The creature was the only noise now as it lolled and rocked over the dead soldiers, which twisted beneath it like broken puppets. She knew she should run. For all she knew, more soldiers were waiting for her. One could have walked up and grabbed her then and there.

Curiosity overriding her actions, Skyla lowered the lenses. There was a click.

What had been an indescribable black mass was now a kaleidoscope of brilliant color. The thing shifted and twisted against the backdrop of black fog. Its neon blue and pink skin shifted and melted like different colored oils over the heat of a flame. Its broad shoulders flowered into a mane of lashing, sea anemone tentacles. Nestled in the center was what could have been a head, or might have been a mouth.
It’s beautiful,
she thought.

Then it looked at her with solid black orbs.

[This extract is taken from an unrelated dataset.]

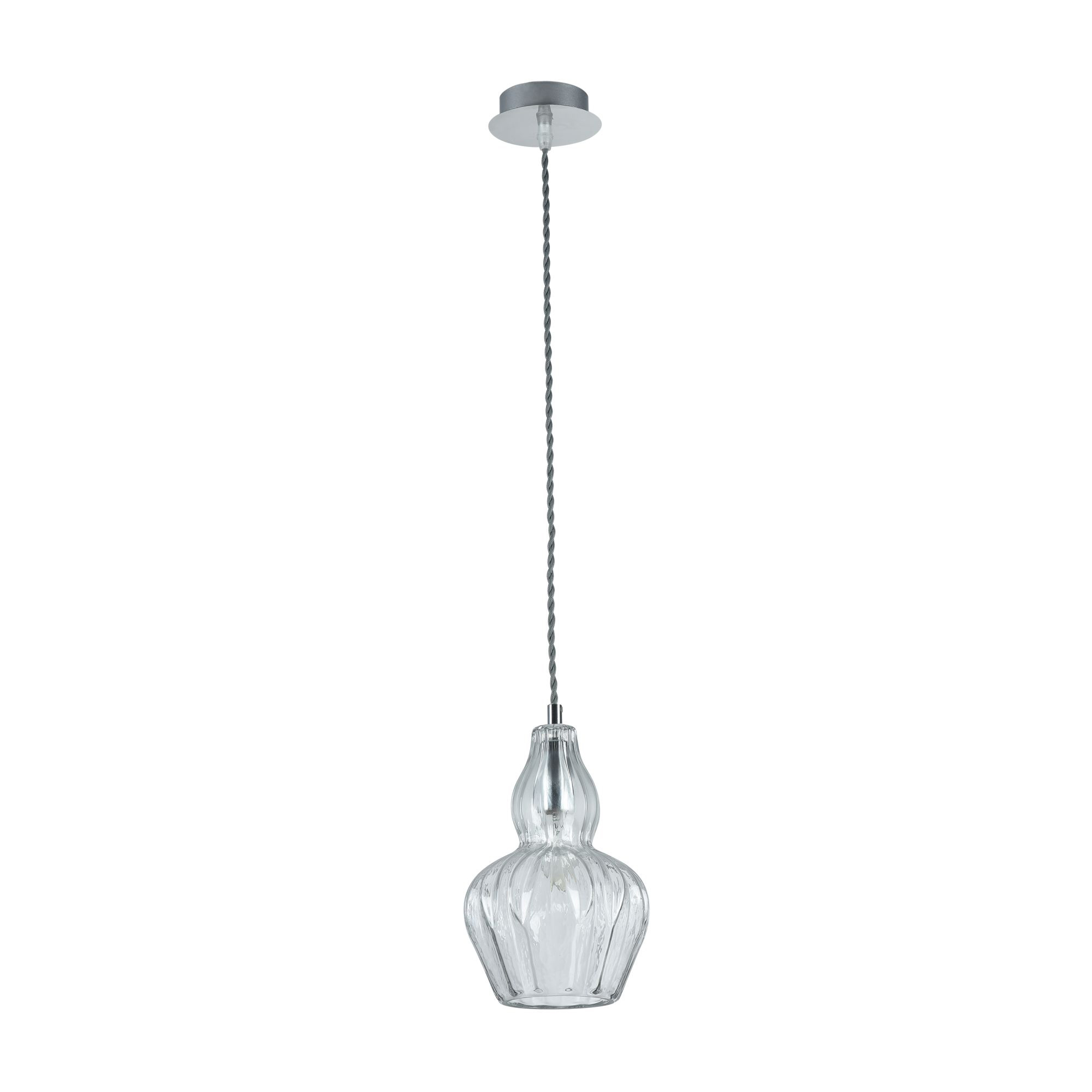 Sospensione Contemporanea Eustoma Metallo Nichel 1 Luce Diffusore Vetro MOD238-PL-01-TR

Skyla ran. She ran until her sides ached and her heart felt as if it would burst. She tumbled into the tall dry grass panting when she could run no further. She pulled the goggles up and the world went white with mist. She lay on her back, catching her breath. There was no sound but the gentle rustle of nearby stalks. Her hair was matted against her neck. All around her were the tiny sounds of insects. Once she recovered, Skyla continued to run until morning.

Chapter 22

 

The gears of Harold’s clockwork world were stripped and broken beyond repair. The tinkerers of religion tried to help, prescribing remedies as black and white as the clockwork machinery that had betrayed him. They consoled and preached as Harry clung to his bottle of whiskey.

“They are in heaven now,” they told him. “They are dancing through the streets with Jesus!”

“Do the streets have names?” Harold asked.

The priest blinked at him. “I’m sorry?”

“The streets,” Harold said, taking a swig. “Do they have names? Addresses?”

“I… I’m sure they do—”

“And when people send mail to each other, what address to they use? Do they use numbers? Roman numerals perhaps? Do they have an address for each person? Or do they simply pick things up at a post office?”

“I… I only meant that they are no longer suffering,” the priest said, his voice soft. “They are beyond death.”

“I’ll tell you about death,” he spat at the man, his breath thick with whiskey. “Death is a smile that splits your throat from ear to ear. It’s a spray of blood on your sheets as you hack out your last breath.”

But the bottle, now that was something that truly made the pain go away. Harry kissed its glassy throat as he stood on the street, staring at the blackened outline of the house that wasn’t there. This was where his daughter had gone. The place nobody else could bear to look at, not even him. He tossed the newspaper to the ground.

WITCH BURNING IN BOLLINGBROOK’S INDUSTRIAL WEDGE

It was written in tall, triumphant letters. He wasn’t the only person who had come by to look at it. The lot was practically a tourist attraction.

What did they do to her? What hex did that witch child and her mother place on Melissa at the end? God, her face…it was…

Harry took another swig of the bottle. It blurred the pain and memories just enough for him to imagine they were gone. He stumbled into the wreckage of the house as the surrounding grass and weeds reclaimed it at nature’s pace.